─── RECORDS ───

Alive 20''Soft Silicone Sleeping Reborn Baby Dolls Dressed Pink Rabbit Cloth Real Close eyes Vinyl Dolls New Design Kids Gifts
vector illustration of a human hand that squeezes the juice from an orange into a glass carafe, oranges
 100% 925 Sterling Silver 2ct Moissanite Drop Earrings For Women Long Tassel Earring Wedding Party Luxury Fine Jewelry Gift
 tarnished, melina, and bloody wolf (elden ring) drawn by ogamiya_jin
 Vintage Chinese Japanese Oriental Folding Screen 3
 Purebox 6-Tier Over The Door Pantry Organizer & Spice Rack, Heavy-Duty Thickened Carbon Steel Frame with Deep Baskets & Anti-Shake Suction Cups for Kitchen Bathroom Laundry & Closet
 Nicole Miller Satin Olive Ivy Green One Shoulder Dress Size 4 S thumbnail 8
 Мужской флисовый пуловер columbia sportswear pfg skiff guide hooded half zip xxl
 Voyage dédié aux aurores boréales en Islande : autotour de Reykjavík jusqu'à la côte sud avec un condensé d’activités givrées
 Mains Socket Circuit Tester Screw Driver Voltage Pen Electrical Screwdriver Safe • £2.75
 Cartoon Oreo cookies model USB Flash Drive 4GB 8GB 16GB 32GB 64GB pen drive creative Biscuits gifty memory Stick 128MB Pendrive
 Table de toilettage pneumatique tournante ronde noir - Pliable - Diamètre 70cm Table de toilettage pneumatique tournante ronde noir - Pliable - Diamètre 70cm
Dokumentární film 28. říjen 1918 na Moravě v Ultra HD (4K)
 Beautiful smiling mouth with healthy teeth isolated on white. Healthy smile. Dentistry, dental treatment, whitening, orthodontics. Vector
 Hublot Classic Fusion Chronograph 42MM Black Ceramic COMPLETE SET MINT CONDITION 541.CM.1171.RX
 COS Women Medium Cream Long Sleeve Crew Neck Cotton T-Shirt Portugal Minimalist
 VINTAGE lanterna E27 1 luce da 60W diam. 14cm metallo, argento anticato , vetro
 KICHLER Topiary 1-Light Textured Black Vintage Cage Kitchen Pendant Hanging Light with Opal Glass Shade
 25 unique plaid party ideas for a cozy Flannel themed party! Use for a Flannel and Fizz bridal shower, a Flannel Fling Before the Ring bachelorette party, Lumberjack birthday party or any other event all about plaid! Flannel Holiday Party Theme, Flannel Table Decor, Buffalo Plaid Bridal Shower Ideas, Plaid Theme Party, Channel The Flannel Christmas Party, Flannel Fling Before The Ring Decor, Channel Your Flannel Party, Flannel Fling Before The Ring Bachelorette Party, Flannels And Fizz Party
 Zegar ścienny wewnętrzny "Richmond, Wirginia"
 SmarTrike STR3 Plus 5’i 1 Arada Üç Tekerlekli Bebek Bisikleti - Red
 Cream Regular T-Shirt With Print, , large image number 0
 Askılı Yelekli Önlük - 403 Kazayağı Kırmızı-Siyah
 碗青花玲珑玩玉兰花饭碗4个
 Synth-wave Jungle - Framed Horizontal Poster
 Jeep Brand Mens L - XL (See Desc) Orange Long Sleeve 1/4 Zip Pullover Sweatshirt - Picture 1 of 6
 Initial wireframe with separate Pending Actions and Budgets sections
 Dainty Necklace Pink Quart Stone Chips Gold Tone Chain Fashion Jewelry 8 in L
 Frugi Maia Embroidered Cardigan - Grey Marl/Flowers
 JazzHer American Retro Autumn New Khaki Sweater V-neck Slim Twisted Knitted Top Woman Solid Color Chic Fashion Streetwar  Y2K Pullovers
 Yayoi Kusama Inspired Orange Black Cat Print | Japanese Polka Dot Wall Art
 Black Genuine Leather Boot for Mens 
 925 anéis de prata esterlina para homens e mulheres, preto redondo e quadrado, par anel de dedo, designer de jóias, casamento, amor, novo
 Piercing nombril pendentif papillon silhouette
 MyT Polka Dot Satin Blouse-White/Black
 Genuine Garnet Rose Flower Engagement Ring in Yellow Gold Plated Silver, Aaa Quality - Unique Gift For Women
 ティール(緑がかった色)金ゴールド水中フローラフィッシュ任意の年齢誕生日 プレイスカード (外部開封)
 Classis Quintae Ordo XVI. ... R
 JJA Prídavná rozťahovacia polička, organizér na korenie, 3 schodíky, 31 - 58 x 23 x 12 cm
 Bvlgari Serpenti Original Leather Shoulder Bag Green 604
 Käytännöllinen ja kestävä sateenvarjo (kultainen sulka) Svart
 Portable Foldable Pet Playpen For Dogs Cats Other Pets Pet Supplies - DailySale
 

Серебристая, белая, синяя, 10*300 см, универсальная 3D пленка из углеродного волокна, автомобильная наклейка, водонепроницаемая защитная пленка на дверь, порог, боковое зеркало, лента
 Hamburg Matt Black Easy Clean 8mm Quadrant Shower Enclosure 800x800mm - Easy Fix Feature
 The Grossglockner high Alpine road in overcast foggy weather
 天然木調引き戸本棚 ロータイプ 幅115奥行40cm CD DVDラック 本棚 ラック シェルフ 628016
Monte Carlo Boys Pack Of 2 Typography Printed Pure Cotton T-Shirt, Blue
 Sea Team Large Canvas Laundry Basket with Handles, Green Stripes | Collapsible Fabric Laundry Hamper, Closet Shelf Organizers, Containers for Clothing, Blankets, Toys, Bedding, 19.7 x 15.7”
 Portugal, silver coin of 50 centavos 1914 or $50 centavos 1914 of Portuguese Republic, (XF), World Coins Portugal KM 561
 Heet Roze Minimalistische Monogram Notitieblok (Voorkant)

───

§ ASSIGNMENT
Copy out the data shown above in full. Match it exactly.

§ RESULT OF THE TASK
Alive 20''Soft Silicone Sleeping Reborn Baby Dolls Dressed Pink Rabbit Cloth Real Close eyes Vinyl Dolls New Design Kids Gifts
vector illustration of a human hand that squeezes the juice from an orange into a glass carafe, oranges
 100% 925 Sterling Silver 2ct Moissanite Drop Earrings For Women Long Tassel Earring Wedding Party Luxury Fine Jewelry Gift
 tarnished, melina, and bloody wolf (elden ring) drawn by ogamiya_jin
 Vintage Chinese Japanese Oriental Folding Screen 3
 Purebox 6-Tier Over The Door Pantry Organizer & Spice Rack, Heavy-Duty Thickened Carbon Steel Frame with Deep Baskets & Anti-Shake Suction Cups for Kitchen Bathroom Laundry & Closet
 Nicole Miller Satin Olive Ivy Green One Shoulder Dress Size 4 S thumbnail 8
 Мужской флисовый пуловер columbia sportswear pfg skiff guide hooded half zip xxl
 Voyage dédié aux aurores boréales en Islande : autotour de Reykjavík jusqu'à la côte sud avec un condensé d’activités givrées
 Mains Socket Circuit Tester Screw Driver Voltage Pen Electrical Screwdriver Safe • £2.75
 Cartoon Oreo cookies model USB Flash Drive 4GB 8GB 16GB 32GB 64GB pen drive creative Biscuits gifty memory Stick 128MB Pendrive
 Table de toilettage pneumatique tournante ronde noir - Pliable - Diamètre 70cm Table de toilettage pneumatique tournante ronde noir - Pliable - Diamètre 70cm
Dokumentární film 28. říjen 1918 na Moravě v Ultra HD (4K)
 Beautiful smiling mouth with healthy teeth isolated on white. Healthy smile. Dentistry, dental treatment, whitening, orthodontics. Vector
 Hublot Classic Fusion Chronograph 42MM Black Ceramic COMPLETE SET MINT CONDITION 541.CM.1171.RX
 COS Women Medium Cream Long Sleeve Crew Neck Cotton T-Shirt Portugal Minimalist
 VINTAGE lanterna E27 1 luce da 60W diam. 14cm metallo, argento anticato , vetro
 KICHLER Topiary 1-Light Textured Black Vintage Cage Kitchen Pendant Hanging Light with Opal Glass Shade
 25 unique plaid party ideas for a cozy Flannel themed party! Use for a Flannel and Fizz bridal shower, a Flannel Fling Before the Ring bachelorette party, Lumberjack birthday party or any other event all about plaid! Flannel Holiday Party Theme, Flannel Table Decor, Buffalo Plaid Bridal Shower Ideas, Plaid Theme Party, Channel The Flannel Christmas Party, Flannel Fling Before The Ring Decor, Channel Your Flannel Party, Flannel Fling Before The Ring Bachelorette Party, Flannels And Fizz Party
 Zegar ścienny wewnętrzny "Richmond, Wirginia"
 SmarTrike STR3 Plus 5’i 1 Arada Üç Tekerlekli Bebek Bisikleti - Red
 Cream Regular T-Shirt With Print, , large image number 0
 Askılı Yelekli Önlük - 403 Kazayağı Kırmızı-Siyah
 碗青花玲珑玩玉兰花饭碗4个
 Synth-wave Jungle - Framed Horizontal Poster
 Jeep Brand Mens L - XL (See Desc) Orange Long Sleeve 1/4 Zip Pullover Sweatshirt - Picture 1 of 6
 Initial wireframe with separate Pending Actions and Budgets sections
 Dainty Necklace Pink Quart Stone Chips Gold Tone Chain Fashion Jewelry 8 in L
 Frugi Maia Embroidered Cardigan - Grey Marl/Flowers
 JazzHer American Retro Autumn New Khaki Sweater V-neck Slim Twisted Knitted Top Woman Solid Color Chic Fashion Streetwar  Y2K Pullovers
 Yayoi Kusama Inspired Orange Black Cat Print | Japanese Polka Dot Wall Art
 Black Genuine Leather Boot for Mens 
 925 anéis de prata esterlina para homens e mulheres, preto redondo e quadrado, par anel de dedo, designer de jóias, casamento, amor, novo
 Piercing nombril pendentif papillon silhouette
 MyT Polka Dot Satin Blouse-White/Black
 Genuine Garnet Rose Flower Engagement Ring in Yellow Gold Plated Silver, Aaa Quality - Unique Gift For Women
 ティール(緑がかった色)金ゴールド水中フローラフィッシュ任意の年齢誕生日 プレイスカード (外部開封)
 Classis Quintae Ordo XVI. ... R
 JJA Prídavná rozťahovacia polička, organizér na korenie, 3 schodíky, 31 - 58 x 23 x 12 cm
 Bvlgari Serpenti Original Leather Shoulder Bag Green 604
 Käytännöllinen ja kestävä sateenvarjo (kultainen sulka) Svart
 Portable Foldable Pet Playpen For Dogs Cats Other Pets Pet Supplies - DailySale
 

Серебристая, белая, синяя, 10*300 см, универсальная 3D пленка из углеродного волокна, автомобильная наклейка, водонепроницаемая защитная пленка на дверь, порог, боковое зеркало, лента
 Hamburg Matt Black Easy Clean 8mm Quadrant Shower Enclosure 800x800mm - Easy Fix Feature
 The Grossglockner high Alpine road in overcast foggy weather
 天然木調引き戸本棚 ロータイプ 幅115奥行40cm CD DVDラック 本棚 ラック シェルフ 628016
Monte Carlo Boys Pack Of 2 Typography Printed Pure Cotton T-Shirt, Blue
 Sea Team Large Canvas Laundry Basket with Handles, Green Stripes | Collapsible Fabric Laundry Hamper, Closet Shelf Organizers, Containers for Clothing, Blankets, Toys, Bedding, 19.7 x 15.7”
 Portugal, silver coin of 50 centavos 1914 or $50 centavos 1914 of Portuguese Republic, (XF), World Coins Portugal KM 561
 Heet Roze Minimalistische Monogram Notitieblok (Voorkant)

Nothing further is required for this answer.